Here are a few nuggets from the celebrated Margaret Atwood, who read in Tofino last Saturday from her new dystopic book, Year of the Flood. Still a lively and witty lady, and it was a good West Coast crowd that gathered to see her.
What most impressed me, though, was the co-reading given by her partner Graeme Gibson from his book, The Bedside Book of Beasts. What sounds from the title like a whimsical tour of the animal kingdom (real or imaginary) — and looks, at first blush, like a picture book of animals through the ages — is actually a meaty read, full of surprising thoughts and connections. There’s some deep thinking in it about the human characterizations of animals, and what that says about us. I came away wanting to buy a copy.
From my random, chicken-scratch notes of the evening:
Graeme:
Tree-hugger? Why not a tree-lover?!
Quoting someone: “The whole of Nature is a conjugation of the verb ‘to eat,’ in the active and the passive.”
“Forest bathing” (a.k.a. walking in the woods) … Nature Deficit Disorder…. Some interesting revelations about how time spent in wilderness eases behavioural disorders. People heal faster when they have a scenic view — even just a painting — as opposed to a relentless cityscape.
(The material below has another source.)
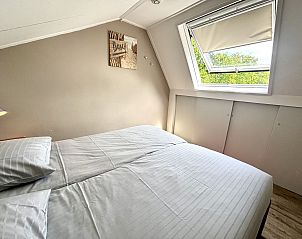 Unterkunft 620241 - Appartement Walcheren - Appartement Boszicht 3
If you don’t have predators, you don’t have a forest. The predator-prey relationship informs everything about the forest.
Humans domesticate any number of other species, but we ourselves are the only evolved domesticate.
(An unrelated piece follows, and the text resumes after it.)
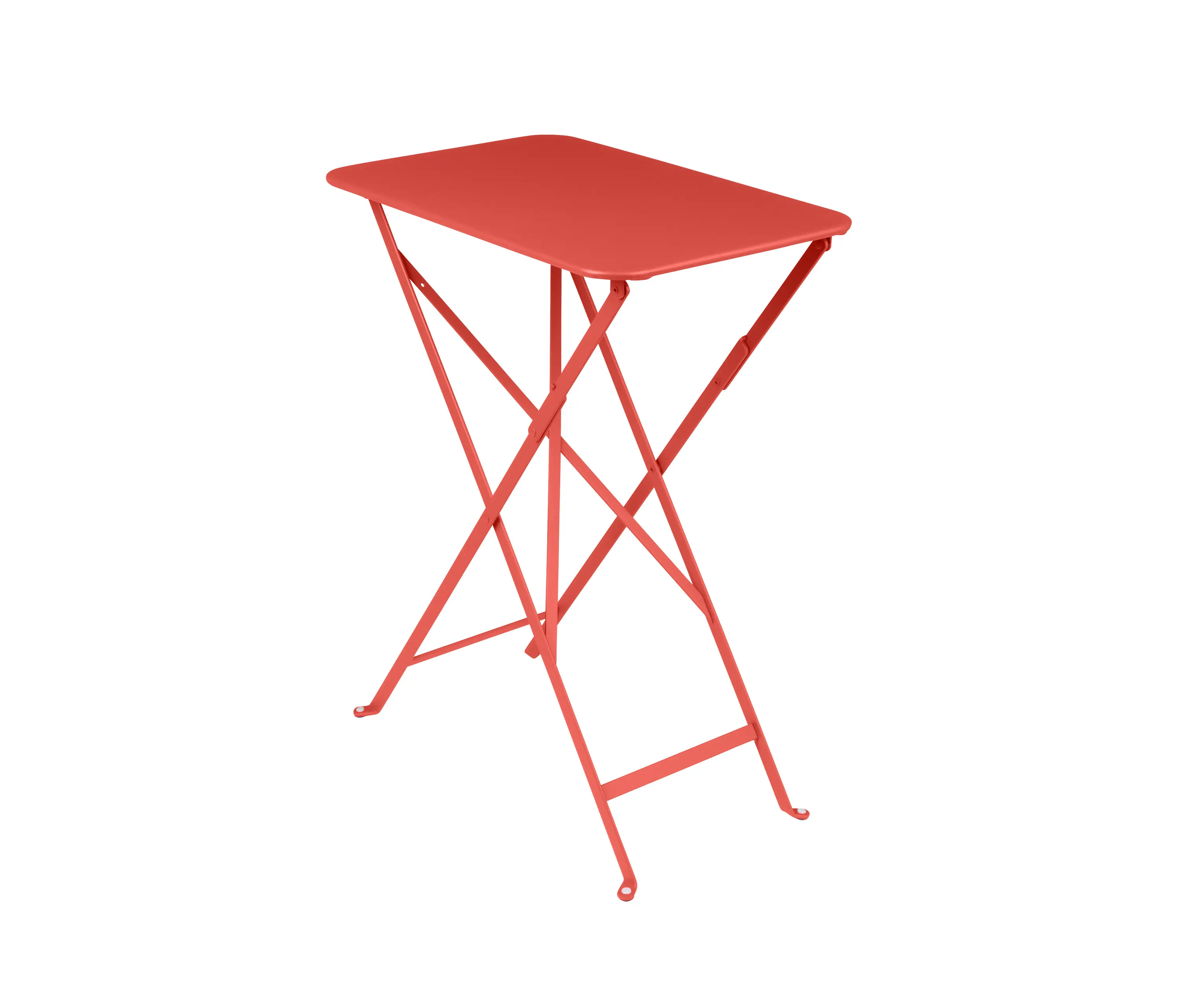 FERMOB - Bistro | Table 37 x 57 cm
Some of Graeme’s recommended books: Thinking Like a Mountain (Otto Leopold); Last Child in the Woods (author?); Rogue Primate (John Livingston)
Maggs:
This is a book, and these are its covers. The advantage of a book is that you can close the covers and what’s in the book stays in the book. The job of everyone here today is to make sure what’s in the book doesn’t get out of the book.
Ecology as potential religion…? It’s here. Check out The Green Bible.
Once everything is owned by governments and corporations, there will be no neutral third party left to say “No, you aren’t allowed to do that.”
Do I have hope? Hope is built-in. Back in the paleolithic, if you were too bummed out to get out of bed in the morning to find something to eat, you weren’t around for long. We are evolved to hope.
Writing a book is a hopeful thing to do, in and of itself. You hope that you’ll finish it. You hope someone will publish it. You hope it will find readers, and you hope they’ll like it.
I want everyone here to make a pledge today. Coffee is the second most traded commodity worldwide, after oil. It has a huge impact. If you’re only going to do one thing, I want you to pledge that you’ll only drink shade-grown, organic, fair trade coffee from now on.
I’m about a third of the way through Year of the Flood. Tain’t timeless lit’ra’chure, but it’s interesting.